If we are serious about ending hidden hunger, governments in the developed world need to ramp up support for fortification programs, from ensuring staple food producers have easy access to micronutrient mixes to facilitating quality fortified food production to educating consumers about the benefits of choosing fortified foods and enabling the private sector to do its part. Evidence shows that making food fortification mandatory and vigorously enforcing quality and compliance is key to ensuring a healthier future for millions of people.

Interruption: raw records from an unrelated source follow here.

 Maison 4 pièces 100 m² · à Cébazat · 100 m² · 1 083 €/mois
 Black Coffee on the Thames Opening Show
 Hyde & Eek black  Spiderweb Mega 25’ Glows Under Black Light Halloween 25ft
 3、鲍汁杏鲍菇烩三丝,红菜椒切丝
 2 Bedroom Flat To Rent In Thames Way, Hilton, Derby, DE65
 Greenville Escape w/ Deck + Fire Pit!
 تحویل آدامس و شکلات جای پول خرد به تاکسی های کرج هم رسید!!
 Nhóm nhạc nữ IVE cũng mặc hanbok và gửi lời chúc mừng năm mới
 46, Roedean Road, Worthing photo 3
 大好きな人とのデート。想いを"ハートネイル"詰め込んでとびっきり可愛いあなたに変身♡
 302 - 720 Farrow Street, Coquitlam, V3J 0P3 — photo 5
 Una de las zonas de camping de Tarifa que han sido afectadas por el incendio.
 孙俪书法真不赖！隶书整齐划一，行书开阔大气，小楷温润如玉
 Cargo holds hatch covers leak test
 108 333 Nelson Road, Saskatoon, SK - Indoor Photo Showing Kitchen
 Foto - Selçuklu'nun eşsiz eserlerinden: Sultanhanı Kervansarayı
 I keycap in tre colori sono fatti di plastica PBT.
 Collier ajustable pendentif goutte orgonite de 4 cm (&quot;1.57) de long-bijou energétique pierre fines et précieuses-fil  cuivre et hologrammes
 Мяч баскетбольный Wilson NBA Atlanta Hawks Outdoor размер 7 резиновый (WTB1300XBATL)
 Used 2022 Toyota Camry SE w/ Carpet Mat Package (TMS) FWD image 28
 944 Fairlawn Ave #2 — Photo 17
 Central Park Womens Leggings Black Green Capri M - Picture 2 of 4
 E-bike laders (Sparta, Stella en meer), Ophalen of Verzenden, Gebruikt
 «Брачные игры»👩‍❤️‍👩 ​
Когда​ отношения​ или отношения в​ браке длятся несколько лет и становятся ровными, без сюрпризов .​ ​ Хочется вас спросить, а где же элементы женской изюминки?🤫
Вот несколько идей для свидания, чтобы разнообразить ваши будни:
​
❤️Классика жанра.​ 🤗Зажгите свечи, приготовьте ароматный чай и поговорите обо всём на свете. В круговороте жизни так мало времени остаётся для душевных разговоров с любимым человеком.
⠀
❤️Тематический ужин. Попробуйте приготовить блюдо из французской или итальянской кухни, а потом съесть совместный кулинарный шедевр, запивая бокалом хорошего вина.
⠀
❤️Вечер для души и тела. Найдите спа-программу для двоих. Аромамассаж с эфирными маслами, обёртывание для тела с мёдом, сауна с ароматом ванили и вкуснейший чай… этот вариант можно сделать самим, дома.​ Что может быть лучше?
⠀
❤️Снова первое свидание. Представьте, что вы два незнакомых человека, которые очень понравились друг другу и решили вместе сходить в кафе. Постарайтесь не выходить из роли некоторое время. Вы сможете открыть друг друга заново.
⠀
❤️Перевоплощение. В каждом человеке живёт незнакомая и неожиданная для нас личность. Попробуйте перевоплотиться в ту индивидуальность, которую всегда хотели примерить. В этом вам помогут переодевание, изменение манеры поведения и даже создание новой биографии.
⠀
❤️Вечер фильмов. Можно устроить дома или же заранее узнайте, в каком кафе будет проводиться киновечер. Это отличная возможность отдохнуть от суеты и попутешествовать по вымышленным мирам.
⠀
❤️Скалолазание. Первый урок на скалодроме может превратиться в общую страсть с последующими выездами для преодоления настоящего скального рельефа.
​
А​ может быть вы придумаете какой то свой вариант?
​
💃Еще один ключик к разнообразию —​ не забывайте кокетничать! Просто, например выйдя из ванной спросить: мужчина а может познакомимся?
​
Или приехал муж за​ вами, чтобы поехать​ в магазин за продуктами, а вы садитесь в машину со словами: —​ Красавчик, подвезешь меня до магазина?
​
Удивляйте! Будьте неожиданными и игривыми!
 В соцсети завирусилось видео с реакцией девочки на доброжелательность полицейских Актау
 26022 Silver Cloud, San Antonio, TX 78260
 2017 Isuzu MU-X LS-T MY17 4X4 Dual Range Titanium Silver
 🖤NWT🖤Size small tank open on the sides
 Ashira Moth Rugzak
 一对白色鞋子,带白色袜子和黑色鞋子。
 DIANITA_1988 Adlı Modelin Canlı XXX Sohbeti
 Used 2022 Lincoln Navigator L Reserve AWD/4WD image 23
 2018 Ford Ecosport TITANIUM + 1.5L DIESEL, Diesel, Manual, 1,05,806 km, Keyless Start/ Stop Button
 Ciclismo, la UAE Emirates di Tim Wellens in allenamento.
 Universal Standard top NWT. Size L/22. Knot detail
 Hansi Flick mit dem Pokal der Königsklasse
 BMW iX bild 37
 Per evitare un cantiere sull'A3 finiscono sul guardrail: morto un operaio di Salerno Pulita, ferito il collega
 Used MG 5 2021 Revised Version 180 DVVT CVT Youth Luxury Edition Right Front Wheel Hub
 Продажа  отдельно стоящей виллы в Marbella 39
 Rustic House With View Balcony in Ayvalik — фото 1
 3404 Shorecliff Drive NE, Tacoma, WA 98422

Broad demographic shifts, new technologies and the globalizing food system are opening avenues to universalize food fortification. Whether it’s iodizing salt at the source in Senegal, which distributes salt to most of sub-Saharan Africa or adding iron to staple condiments such as fish sauce in Vietnam, where half of mothers are at risk of anemia, the end of hidden hunger is within sight. Ninety years ago, the introduction of salt iodization wiped out goiter and cretinism in parts of the United States and Europe, leading to improved school completion rates and a shift toward higher-paying jobs. With improved technologies and a globalized food system, all we have to do is step up to the challenge and commit to fortifying foods for all.
When combined with other critical interventions, such as promoting exclusive breast-feeding up to six months and continuing for two years and improving overall access to a diverse diet, especially for mothers, fortification contributes to a powerful recipe to tackle malnutrition. The tools have been in our hands for nearly a century; it is time we use them better.Marc Van Ameringen is the Executive Director of the Global Alliance for Improved Nutrition, which is driven by the vision of a world without malnutrition. GAIN programs are improving the lives of over 800 million people in over 40 countries — more than half of them women and children. In 2014, U.N. Secretary General Ban Ki-moon honored him with the World Food Program’s Hunger Hero Award for his efforts in combating world hunger and malnutrition.